BdR76 / CSVLint

CSV Lint plug-in for Notepad++ for syntax highlighting, csv validation, automatic column and datatype detecting, fixed width datasets, change datetime format, decimal separator, sort data, count unique values, convert to xml, json, sql etc. A plugin for data cleaning and working with messy data files.
GNU General Public License v3.0
151 stars 8 forks source link

Cannot specify comment rows throughout the data #48

Closed anuragsodhi closed 1 year ago

anuragsodhi commented 1 year ago

It would be great to be able to specify 'comment row starts with' option to be able to color it differently,

BdR76 commented 1 year ago

Thanks for reporting the issue, but this is the same as reported in #46

anuragsodhi commented 1 year ago

Thanks, I dont think it is the same espcially if you have a csv file like the following:

This is a comment line. Dont read me

a,1 b,2 c,3

This is also a comment line. skip me as well.

d,4

In the file above, it would be good to have an option to specify skipping row starting with a character such as # in this case.

BdR76 commented 1 year ago

The latest version of the CSV Lint plug-in only supports comment lines at the beginning of the file. CSV files aren't formally standardized and comment lines in csv files are quite uncommon afaik. The only relevant Stackoverflow question I could find is from 10 years ago. So there isn't really a standard for csv comments and I added support for it just based on the description in this issue.

Is this something you encounter in csv files you are working with? I mean this isn't just a technical test so to speak? If that is the case, can you attach a test data file here, or if you don't want to share the data publicly then send me an e-mail with an example file with a representative amount of columns and comments?

BdR76 commented 1 year ago

Btw if you have real-life examples of a csv file that uses comment lines in the way you describe, then I think it's might be a good idea to upvote this Microsoft suggestion or leave a comment describing your use-case

anuragsodhi commented 1 year ago

The latest version of the CSV Lint plug-in only supports comment lines at the beginning of the file. CSV files aren't formally standardized and comment lines in csv files are quite uncommon afaik. The only relevant Stackoverflow question I could find is from 10 years ago. So there isn't really a standard for csv comments and I added support for it just based on the description in this issue.

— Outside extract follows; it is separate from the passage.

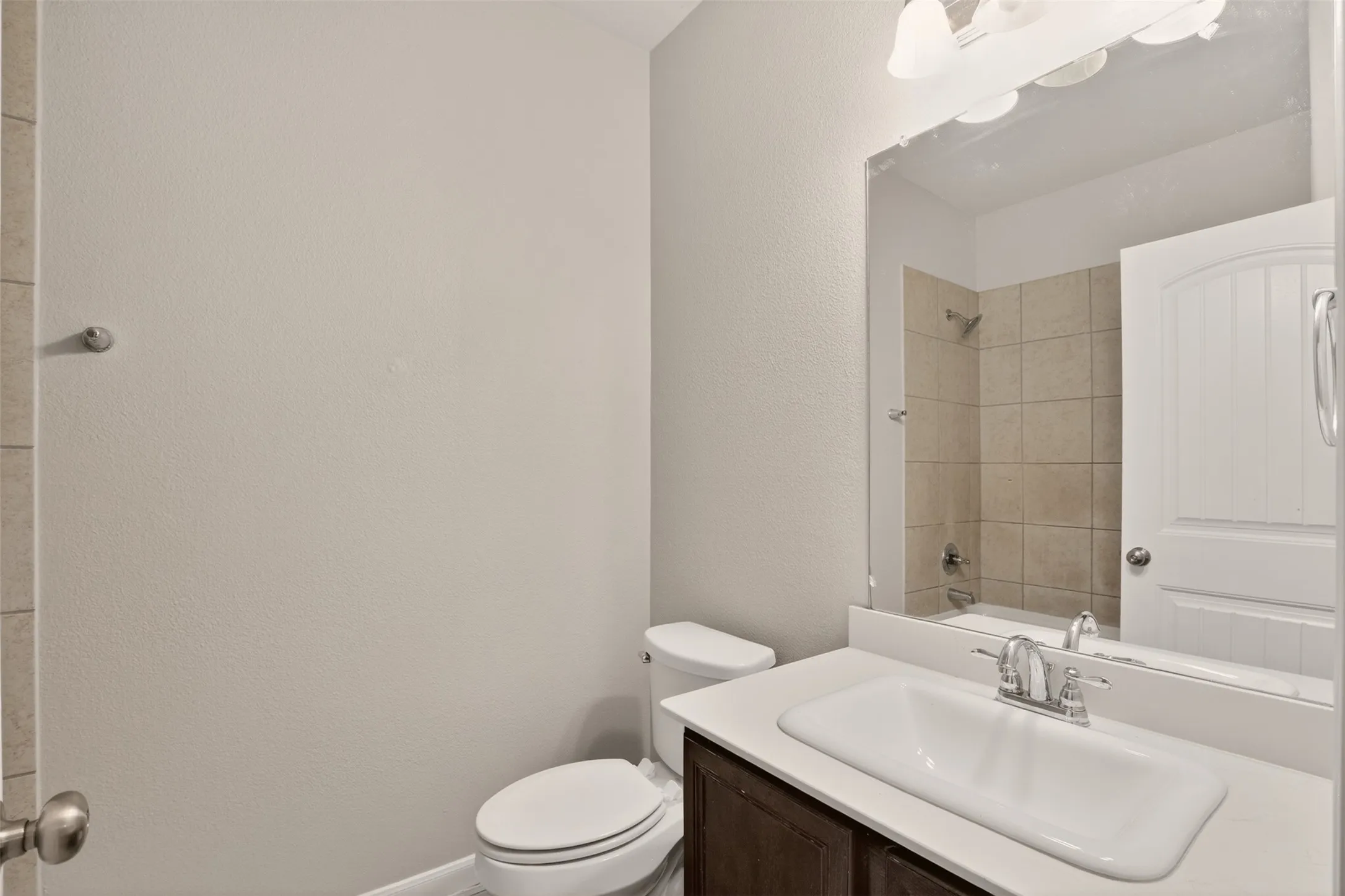 Bathroom featuring a white elongated toilet, a vanity with a dark wood-finish cabinet, a white countertop, an integrated sink, and a large wall mirror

Is this something you encounter in csv files you are working with? I mean this isn't just a technical test so to speak? If that is the case, can you attach a test data file here, or if you don't want to share the data publicly then send me an e-mail with an example file with a representative amount of columns and comments?

Yeah this is a real life use case that i encounter at work. Even python library pandas has similar functionality : image https://pandas.pydata.org/docs/reference/api/pandas.read_csv.html

As for data I gave you the sample data earlier, my data is very similar to that Even the other plugin for notepad++ csvquery has this option: image

BdR76 commented 1 year ago

Ok I see that makes sense, using an explicit comment character is a better way to skip comment lines than just a SkipLines option. But also, I just remembered that the current implementation of SkipLines is in part also based on this stackoverflow question which provides an example file cocomo81.arff. The cocomo81.arff file doesn't have a clear comment character and should just skip the first X lines as comments.

So, the plug-in should ideally support both cases 1) skip any line that start with # character (or ~ can be changed in settings) 2) skip the first X number of lines

anuragsodhi commented 1 year ago

Yes that would be great, thanks a lot!

BdR76 commented 1 year ago

Btw I just noticed that the Pandas library has both a skiprows and a skipfooter parameter, to skip lines at the start and/or at the end. The plugin should also include this skipfooter in some way.

BdR76 commented 1 year ago

@anuragsodhi I've added support for comment characters as you described in this issue.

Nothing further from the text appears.